> **DATA TO EXAMINE**
• • • • •

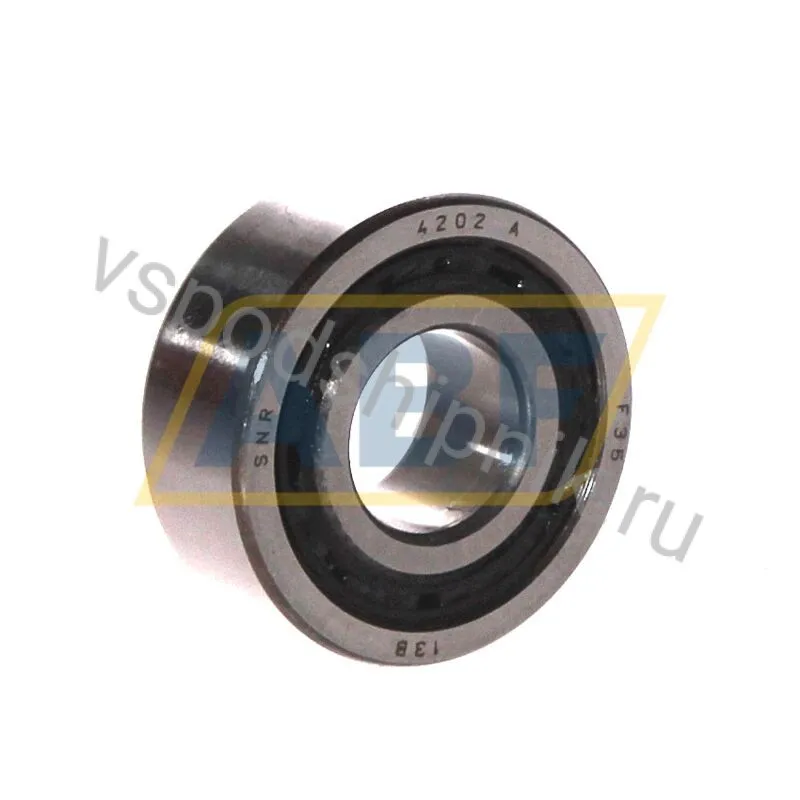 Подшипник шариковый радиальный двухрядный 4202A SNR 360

• • • • •

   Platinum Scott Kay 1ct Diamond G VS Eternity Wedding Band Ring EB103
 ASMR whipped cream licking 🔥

• • • • •

> **EXERCISE REQUIREMENTS**
Copy only this part of the entries above: the line with "Platinum Scott Kay", the line with "ASMR whipped cream licking 🔥", and the lines between, all exactly as written.

> **ANSWER BOX**
   Platinum Scott Kay 1ct Diamond G VS Eternity Wedding Band Ring EB103
 ASMR whipped cream licking 🔥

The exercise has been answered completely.